** Entries supplied follows **
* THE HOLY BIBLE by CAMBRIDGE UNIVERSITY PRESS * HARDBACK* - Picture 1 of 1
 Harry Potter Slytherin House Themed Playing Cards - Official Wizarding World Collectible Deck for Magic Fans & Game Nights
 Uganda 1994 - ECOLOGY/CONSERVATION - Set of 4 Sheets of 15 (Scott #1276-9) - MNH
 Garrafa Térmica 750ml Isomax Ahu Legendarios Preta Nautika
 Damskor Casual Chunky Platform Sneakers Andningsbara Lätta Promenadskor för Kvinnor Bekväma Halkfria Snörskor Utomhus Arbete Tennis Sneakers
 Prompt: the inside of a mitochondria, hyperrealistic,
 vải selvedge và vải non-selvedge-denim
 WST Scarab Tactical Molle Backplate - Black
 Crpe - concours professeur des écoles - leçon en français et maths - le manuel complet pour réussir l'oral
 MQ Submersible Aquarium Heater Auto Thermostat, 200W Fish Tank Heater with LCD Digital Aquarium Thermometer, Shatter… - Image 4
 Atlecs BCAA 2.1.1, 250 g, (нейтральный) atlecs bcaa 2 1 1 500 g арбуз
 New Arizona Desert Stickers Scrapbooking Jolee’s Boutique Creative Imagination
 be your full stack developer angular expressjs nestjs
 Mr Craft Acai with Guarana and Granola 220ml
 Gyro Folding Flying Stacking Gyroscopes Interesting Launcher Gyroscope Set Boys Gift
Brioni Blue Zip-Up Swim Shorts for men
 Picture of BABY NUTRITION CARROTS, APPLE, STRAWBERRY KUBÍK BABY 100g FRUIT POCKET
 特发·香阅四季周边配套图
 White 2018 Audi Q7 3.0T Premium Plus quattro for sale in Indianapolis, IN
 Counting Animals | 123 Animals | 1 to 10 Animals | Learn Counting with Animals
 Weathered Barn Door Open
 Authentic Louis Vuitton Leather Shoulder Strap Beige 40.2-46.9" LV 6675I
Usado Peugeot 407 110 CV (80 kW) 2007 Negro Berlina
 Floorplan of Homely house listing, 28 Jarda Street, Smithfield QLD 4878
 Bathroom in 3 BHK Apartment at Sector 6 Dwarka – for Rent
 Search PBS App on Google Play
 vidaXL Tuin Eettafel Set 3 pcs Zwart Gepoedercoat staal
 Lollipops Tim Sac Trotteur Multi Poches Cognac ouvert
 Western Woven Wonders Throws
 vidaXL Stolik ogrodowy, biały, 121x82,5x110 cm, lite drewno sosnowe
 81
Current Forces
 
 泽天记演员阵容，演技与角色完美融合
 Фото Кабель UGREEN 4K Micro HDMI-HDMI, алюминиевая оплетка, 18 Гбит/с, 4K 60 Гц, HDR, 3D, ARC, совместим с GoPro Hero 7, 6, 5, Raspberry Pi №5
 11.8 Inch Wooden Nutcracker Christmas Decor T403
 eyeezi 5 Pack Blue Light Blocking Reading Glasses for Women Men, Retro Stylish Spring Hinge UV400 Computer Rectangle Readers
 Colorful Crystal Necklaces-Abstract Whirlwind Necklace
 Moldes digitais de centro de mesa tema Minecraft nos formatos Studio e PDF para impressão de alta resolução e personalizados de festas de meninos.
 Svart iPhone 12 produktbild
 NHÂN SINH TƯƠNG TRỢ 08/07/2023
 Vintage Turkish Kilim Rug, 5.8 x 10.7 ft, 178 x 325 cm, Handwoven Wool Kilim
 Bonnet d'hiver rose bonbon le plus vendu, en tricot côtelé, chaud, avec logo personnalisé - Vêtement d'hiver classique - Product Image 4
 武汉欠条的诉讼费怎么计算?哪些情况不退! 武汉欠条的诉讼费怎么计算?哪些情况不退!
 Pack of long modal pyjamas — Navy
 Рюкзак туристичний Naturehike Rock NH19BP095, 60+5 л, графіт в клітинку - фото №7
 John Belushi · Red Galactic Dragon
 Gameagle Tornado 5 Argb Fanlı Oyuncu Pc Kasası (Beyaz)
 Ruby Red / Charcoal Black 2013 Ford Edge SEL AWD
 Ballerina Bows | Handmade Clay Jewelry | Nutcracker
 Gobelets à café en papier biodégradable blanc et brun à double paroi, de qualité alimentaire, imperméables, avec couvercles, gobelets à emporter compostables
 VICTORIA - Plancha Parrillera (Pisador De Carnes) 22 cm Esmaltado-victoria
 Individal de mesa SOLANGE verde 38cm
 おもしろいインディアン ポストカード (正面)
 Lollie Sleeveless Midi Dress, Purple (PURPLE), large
** End of Entries supplied **
When you reach the line that contains "Рюкзак туристичний Naturehike" in the material above, please copy it and every line after it exactly, stopping only at the last line.

 Рюкзак туристичний Naturehike Rock NH19BP095, 60+5 л, графіт в клітинку - фото №7
 John Belushi · Red Galactic Dragon
 Gameagle Tornado 5 Argb Fanlı Oyuncu Pc Kasası (Beyaz)
 Ruby Red / Charcoal Black 2013 Ford Edge SEL AWD
 Ballerina Bows | Handmade Clay Jewelry | Nutcracker
 Gobelets à café en papier biodégradable blanc et brun à double paroi, de qualité alimentaire, imperméables, avec couvercles, gobelets à emporter compostables
 VICTORIA - Plancha Parrillera (Pisador De Carnes) 22 cm Esmaltado-victoria
 Individal de mesa SOLANGE verde 38cm
 おもしろいインディアン ポストカード (正面)
 Lollie Sleeveless Midi Dress, Purple (PURPLE), large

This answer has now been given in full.